A nice tremolo, and it seems pretty quiet, no ticking which is very nice. I feel like playing some country now.









						New item by Jonathan Freeman
					






					photos.app.goo.gl
				












						New item by Jonathan Freeman
					






					photos.app.goo.gl


----------



## Barry (Feb 18, 2020)

Looks good!


----------



## moonlightpedalbuilds (Feb 19, 2020)

Looks good! I have this one but the pcb came from rullywow named lunarblast. My favorite compared to mesmerizer, woodpecker and aion's luna.


----------



## Chuck D. Bones (Feb 19, 2020)

Very nice!


----------



## cooder (Feb 19, 2020)

Nice and clean.  I do love me some tremolo... my favourite so far are the harmonic trems (Drolo's Twin Peaks and John / MidfairwayCardinal Tremolo).
I wonder what the harmonic Trem will be that BuGG brews up... is that the upcoming Tremulus Lune?


----------



## phi1 (Feb 20, 2020)

cooder said:


> Nice and clean.  I do love me some tremolo... my favourite so far are the harmonic trems (Drolo's Twin Peaks and John / MidfairwayCardinal Tremolo).
> I wonder what the harmonic Trem will be that BuGG brews up... is that the upcoming Tremulus Lune?

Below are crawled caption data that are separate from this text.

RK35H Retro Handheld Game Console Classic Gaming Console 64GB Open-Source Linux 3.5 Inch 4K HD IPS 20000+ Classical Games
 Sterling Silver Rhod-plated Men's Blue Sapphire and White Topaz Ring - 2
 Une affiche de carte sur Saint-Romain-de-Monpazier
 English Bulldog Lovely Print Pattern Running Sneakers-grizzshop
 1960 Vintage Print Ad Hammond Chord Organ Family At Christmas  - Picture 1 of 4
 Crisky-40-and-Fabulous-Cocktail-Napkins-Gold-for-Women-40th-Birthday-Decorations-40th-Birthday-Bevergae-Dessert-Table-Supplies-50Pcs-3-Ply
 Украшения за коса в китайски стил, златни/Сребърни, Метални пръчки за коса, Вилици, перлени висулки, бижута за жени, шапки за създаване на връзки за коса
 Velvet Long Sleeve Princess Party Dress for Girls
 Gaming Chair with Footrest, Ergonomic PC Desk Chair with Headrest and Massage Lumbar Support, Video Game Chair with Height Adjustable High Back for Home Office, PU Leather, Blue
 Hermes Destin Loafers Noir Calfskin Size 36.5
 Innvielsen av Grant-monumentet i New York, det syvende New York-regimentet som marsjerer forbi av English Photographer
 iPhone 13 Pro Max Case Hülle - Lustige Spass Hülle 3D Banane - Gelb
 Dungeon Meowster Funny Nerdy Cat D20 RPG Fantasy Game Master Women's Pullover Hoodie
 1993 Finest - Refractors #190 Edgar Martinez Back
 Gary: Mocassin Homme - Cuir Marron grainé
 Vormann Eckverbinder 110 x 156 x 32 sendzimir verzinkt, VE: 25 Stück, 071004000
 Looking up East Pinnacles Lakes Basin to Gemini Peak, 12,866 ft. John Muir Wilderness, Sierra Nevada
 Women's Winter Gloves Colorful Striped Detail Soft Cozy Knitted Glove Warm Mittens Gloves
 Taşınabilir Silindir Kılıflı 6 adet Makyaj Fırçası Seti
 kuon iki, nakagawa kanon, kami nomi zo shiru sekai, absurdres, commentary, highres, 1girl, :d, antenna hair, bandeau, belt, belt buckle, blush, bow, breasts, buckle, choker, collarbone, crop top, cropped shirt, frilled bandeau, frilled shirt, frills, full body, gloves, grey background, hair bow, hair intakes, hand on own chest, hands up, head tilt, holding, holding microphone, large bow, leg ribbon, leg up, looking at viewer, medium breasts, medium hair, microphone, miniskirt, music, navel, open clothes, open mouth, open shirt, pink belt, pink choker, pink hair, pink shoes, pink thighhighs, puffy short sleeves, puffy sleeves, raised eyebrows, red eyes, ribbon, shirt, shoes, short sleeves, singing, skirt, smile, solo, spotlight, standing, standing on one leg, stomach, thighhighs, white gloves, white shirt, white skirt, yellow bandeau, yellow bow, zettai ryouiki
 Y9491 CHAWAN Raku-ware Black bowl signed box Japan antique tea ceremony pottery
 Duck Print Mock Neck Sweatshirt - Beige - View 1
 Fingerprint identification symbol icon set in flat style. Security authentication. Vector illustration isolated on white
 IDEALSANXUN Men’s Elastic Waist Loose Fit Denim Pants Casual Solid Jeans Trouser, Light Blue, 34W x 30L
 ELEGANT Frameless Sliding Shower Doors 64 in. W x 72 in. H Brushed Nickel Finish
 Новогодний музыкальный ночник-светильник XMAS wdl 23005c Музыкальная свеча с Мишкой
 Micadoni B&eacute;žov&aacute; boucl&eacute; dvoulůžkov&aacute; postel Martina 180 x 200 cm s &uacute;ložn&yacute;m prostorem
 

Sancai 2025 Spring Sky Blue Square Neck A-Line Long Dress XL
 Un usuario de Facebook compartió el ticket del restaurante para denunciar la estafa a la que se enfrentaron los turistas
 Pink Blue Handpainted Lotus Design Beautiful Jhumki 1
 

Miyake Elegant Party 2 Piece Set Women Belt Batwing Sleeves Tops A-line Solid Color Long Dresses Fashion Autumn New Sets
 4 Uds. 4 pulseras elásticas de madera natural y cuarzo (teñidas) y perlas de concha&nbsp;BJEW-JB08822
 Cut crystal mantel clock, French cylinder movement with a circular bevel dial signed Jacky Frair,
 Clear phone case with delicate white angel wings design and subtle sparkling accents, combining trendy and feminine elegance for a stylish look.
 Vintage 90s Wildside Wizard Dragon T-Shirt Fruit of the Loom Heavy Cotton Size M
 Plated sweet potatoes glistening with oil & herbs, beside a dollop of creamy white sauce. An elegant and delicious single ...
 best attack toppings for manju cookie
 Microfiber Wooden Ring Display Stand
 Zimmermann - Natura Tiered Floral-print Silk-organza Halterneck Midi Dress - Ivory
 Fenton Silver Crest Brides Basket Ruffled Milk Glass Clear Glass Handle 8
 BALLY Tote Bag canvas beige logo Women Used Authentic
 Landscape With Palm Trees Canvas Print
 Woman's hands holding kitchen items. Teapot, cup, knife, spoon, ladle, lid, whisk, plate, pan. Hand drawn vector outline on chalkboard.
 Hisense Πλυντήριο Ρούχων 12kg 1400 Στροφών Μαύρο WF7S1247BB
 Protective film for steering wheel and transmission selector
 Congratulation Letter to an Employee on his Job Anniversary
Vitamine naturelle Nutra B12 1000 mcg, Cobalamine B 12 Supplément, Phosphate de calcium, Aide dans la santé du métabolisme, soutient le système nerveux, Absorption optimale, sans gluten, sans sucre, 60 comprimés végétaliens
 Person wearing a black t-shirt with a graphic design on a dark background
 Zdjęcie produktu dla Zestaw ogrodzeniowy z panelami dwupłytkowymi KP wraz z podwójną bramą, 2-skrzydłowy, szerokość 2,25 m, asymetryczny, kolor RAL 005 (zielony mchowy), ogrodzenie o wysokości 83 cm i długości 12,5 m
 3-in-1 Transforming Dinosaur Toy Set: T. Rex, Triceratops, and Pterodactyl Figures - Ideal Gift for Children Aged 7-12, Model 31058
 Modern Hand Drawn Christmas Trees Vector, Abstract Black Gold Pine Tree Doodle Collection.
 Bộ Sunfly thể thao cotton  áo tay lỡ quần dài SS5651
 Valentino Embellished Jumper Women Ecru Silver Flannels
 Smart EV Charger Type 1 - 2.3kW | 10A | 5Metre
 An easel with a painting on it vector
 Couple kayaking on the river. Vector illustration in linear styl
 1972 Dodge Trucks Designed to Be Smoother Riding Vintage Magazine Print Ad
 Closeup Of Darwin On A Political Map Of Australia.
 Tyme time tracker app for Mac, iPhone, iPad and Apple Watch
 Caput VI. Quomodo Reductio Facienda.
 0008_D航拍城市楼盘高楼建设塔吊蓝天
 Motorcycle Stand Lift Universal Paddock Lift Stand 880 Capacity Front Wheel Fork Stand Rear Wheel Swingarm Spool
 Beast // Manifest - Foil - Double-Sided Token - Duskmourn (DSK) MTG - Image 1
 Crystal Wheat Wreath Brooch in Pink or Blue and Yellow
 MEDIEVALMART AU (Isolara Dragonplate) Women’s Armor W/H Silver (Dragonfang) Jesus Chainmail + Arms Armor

The tremulous lune is a diy project on the web  that has more controls, but is not harmonic. Check out the aion Luna for more info. The shoot the moon is another diy project on the web, which is a slightly scaled back and tweaked version of the tremulus lune. So pedalpcb must have something else in the works for the harmonic trem he teased.


----------



## cooder (Feb 21, 2020)

phi1 said:


> The tremulous lune is a diy project on the web  that has more controls, but is not harmonic. Check out the aion Luna for more info. The shoot the moon is another diy project on the web, which is a slightly scaled back and tweaked version of the tremulus lune. So pedalpcb must have something else in the works for the harmonic trem he teased.


Awesome thanks for the explanation! Yes I wonder which harmonic trem is coming then... giddy..


----------